And should we be tempted to say “I’m not like that. I’ve never made a mistake. I’m not ashamed of anything I’ve done,” we have two notable passages from scripture that we should consider. The first is from Paul’s letter to the Romans: “For all have sinned and come short of the glory of God” (Romans 3:23). And the second is from 1 John “If we say we do not sin, we deceive ourselves and the truth is not in us” (1 John 1:8).

Whether we like it or not, as far as God is concerned, we all fail. We all fall short of the perfection that he demands. Not one of us can claim to be better than anyone else. In God’s eyes we’re all the same; none of us meets his standards. (And there’s probably something comforting in the fact that we are all in the same boat.)

And that’s a pretty sad state of affairs.

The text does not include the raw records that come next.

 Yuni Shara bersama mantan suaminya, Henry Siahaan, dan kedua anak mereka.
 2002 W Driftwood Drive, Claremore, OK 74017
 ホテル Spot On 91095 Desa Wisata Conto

It also means we have to live with consequences of our actions. But, having said that, the Bible does spell out a solution.

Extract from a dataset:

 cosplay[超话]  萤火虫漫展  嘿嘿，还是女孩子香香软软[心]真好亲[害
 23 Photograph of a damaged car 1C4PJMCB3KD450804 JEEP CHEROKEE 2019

Because the Bible tells us, that if we acknowledge our weaknesses, we can be free to move on. It’s what we do with our mistakes that’s important. Because yes, we can live in the past, and let our past haunt us again and again, or we can live in the present and every now again be reminded of our faults and failings. But forgiveness needs to be brought into the equation. We need to acknowledge our mistakes, but we also need to bring forgiveness to the situation.

Which is why Paul’s solution to the divided congregation at Colossae were these words of wisdom, “If anyone has a complaint about anyone, bear with one another and forgive.” (Colossians 3:13a). Paul knew that if the Colossian church was to have any future, they needed to put the past behind them. All the infighting and differences had to be resolved. He also knew they had to treat each other as equals. And forgiveness does exactly that.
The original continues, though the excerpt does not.